**What you should do**
Your answer should be the lines from the one with "乌拉圭1-1扳平英格兰！本-怀特补时送点！巴尔韦德主罚命中！" to the end of the data below, both included, exact and free of pictures.
^^^^^^^^
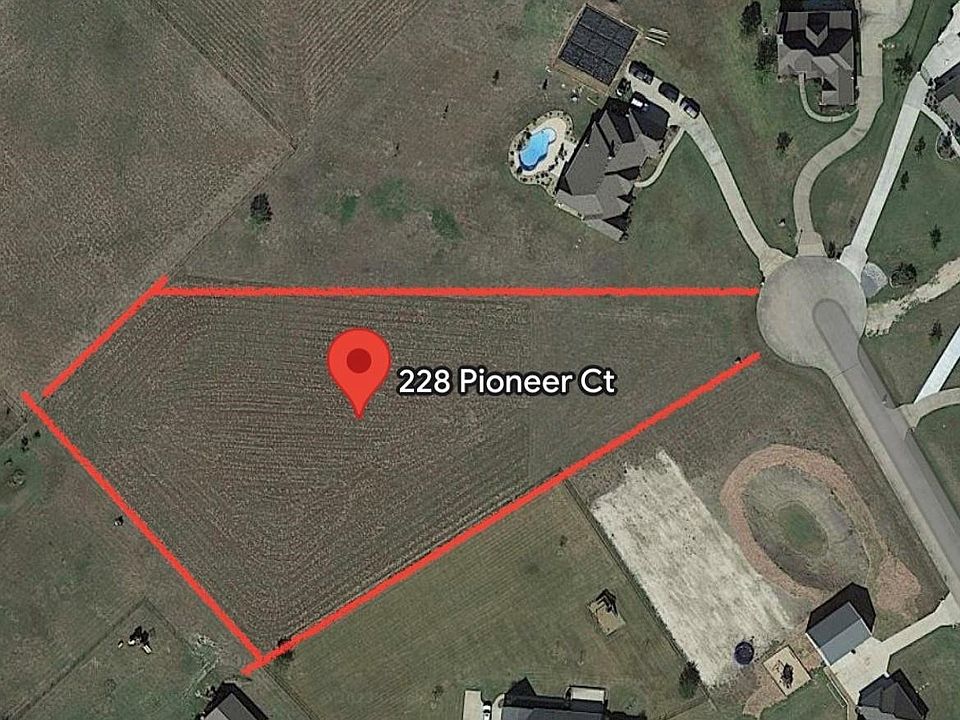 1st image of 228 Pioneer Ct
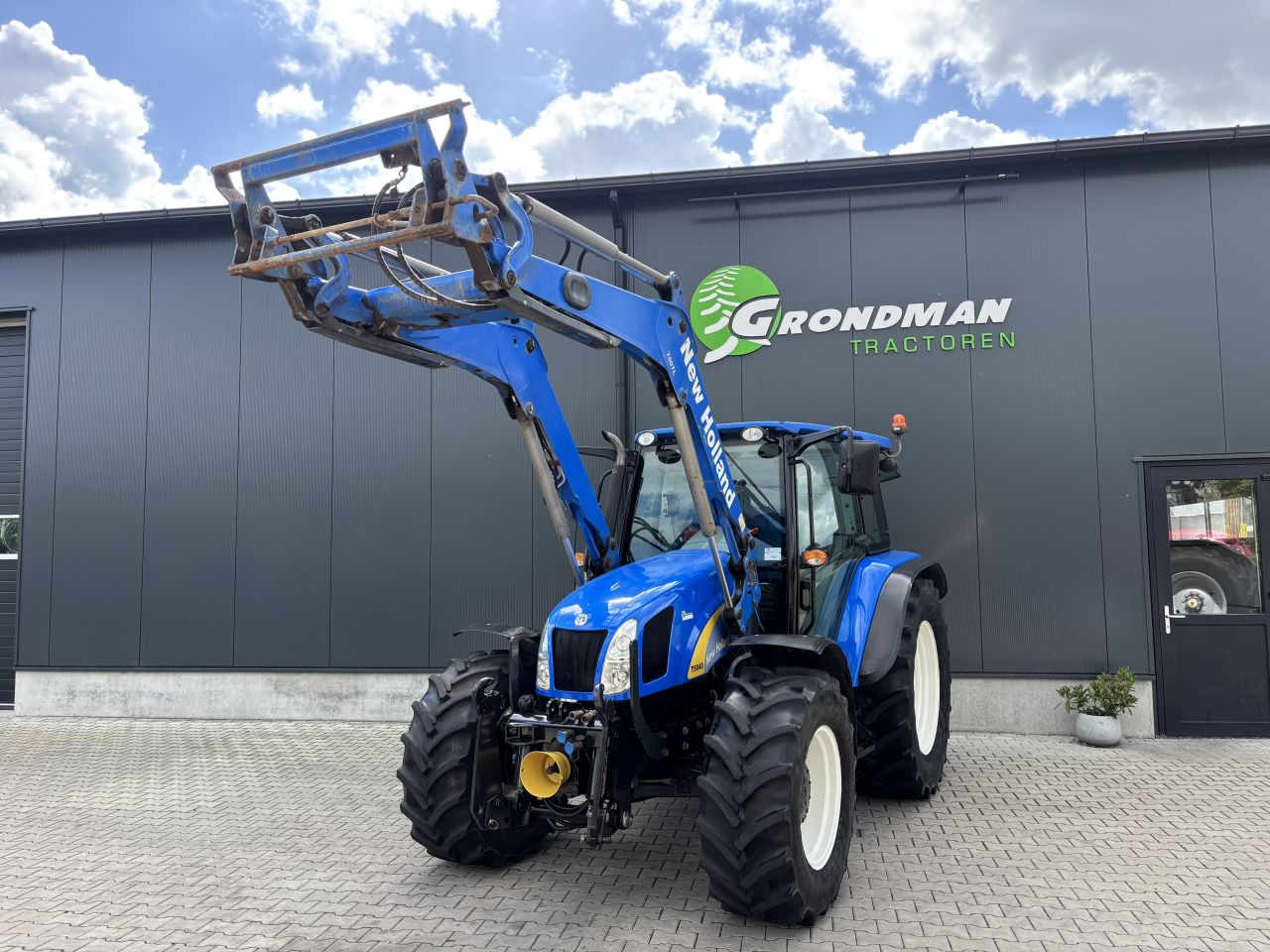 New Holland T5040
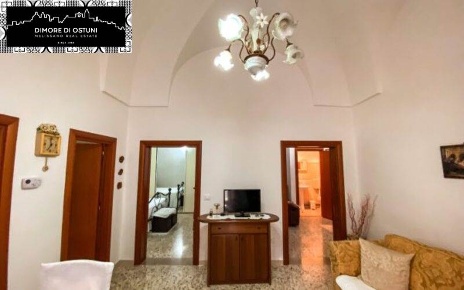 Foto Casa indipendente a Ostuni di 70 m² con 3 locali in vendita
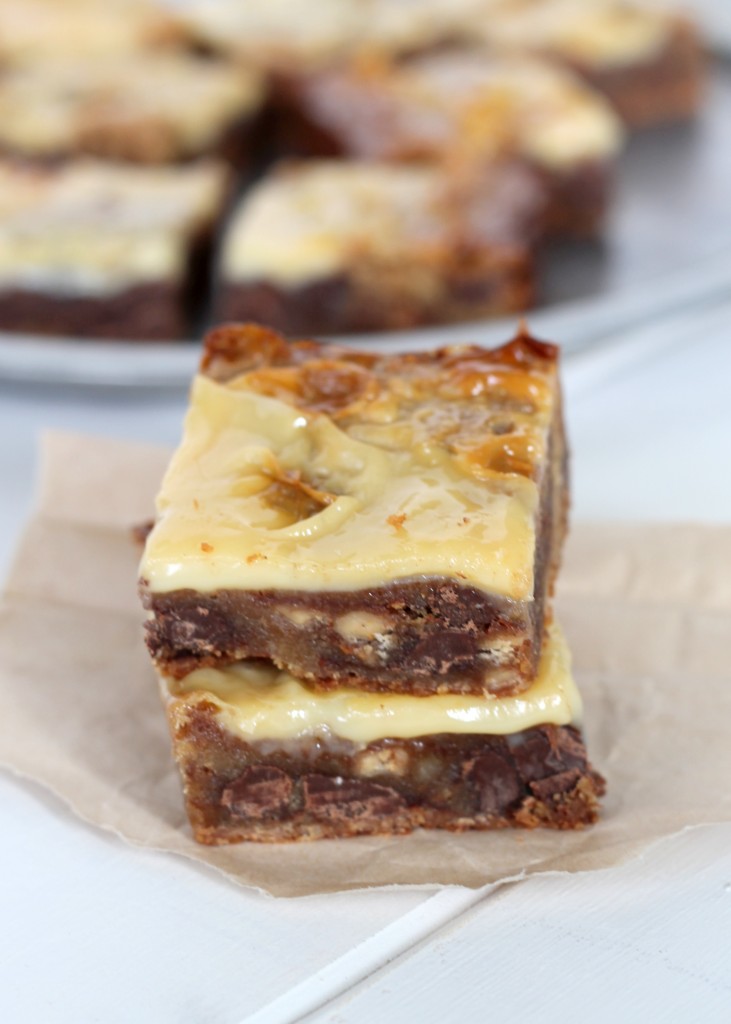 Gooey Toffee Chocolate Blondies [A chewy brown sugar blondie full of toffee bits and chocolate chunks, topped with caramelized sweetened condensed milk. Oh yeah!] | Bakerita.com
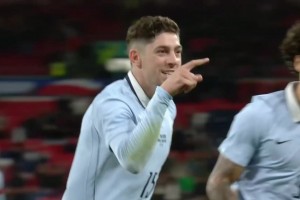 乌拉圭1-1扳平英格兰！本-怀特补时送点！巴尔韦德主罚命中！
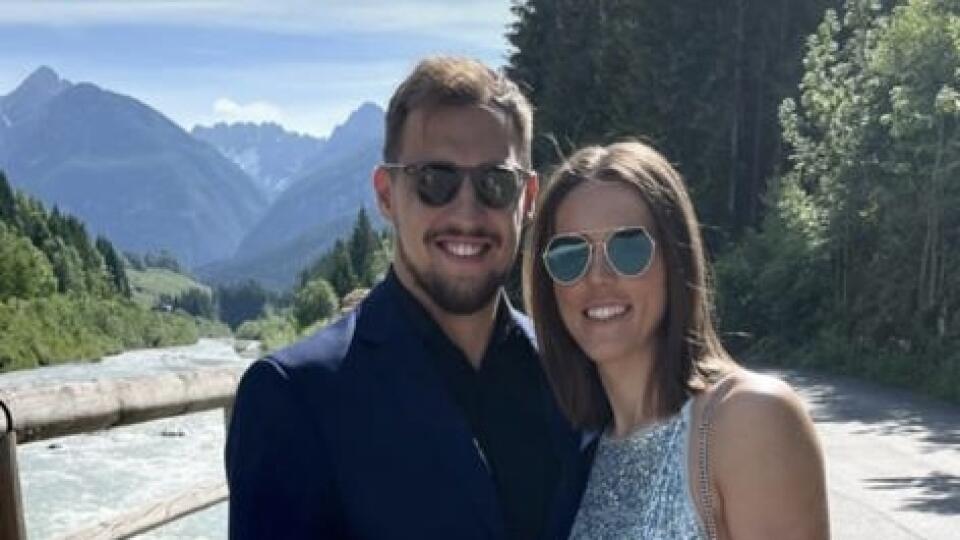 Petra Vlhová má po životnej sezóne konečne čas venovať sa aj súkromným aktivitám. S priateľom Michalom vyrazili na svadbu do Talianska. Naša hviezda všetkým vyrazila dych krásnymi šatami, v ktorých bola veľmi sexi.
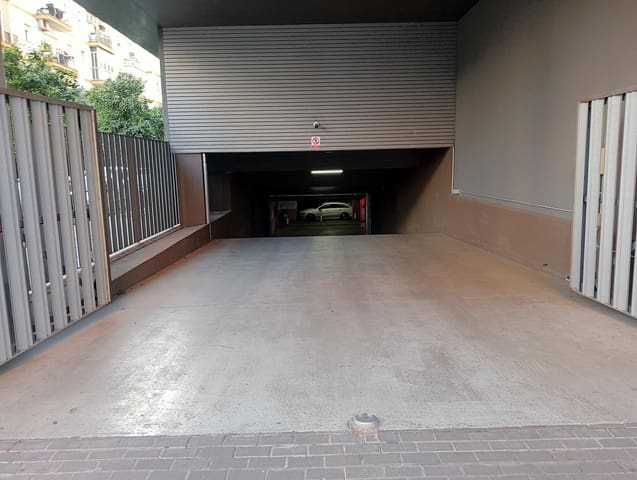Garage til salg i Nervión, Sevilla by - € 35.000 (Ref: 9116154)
^^^^^^^^
**Solution below**
 乌拉圭1-1扳平英格兰！本-怀特补时送点！巴尔韦德主罚命中！
 Petra Vlhová má po životnej sezóne konečne čas venovať sa aj súkromným aktivitám. S priateľom Michalom vyrazili na svadbu do Talianska. Naša hviezda všetkým vyrazila dych krásnymi šatami, v ktorých bola veľmi sexi.
Garage til salg i Nervión, Sevilla by - € 35.000 (Ref: 9116154)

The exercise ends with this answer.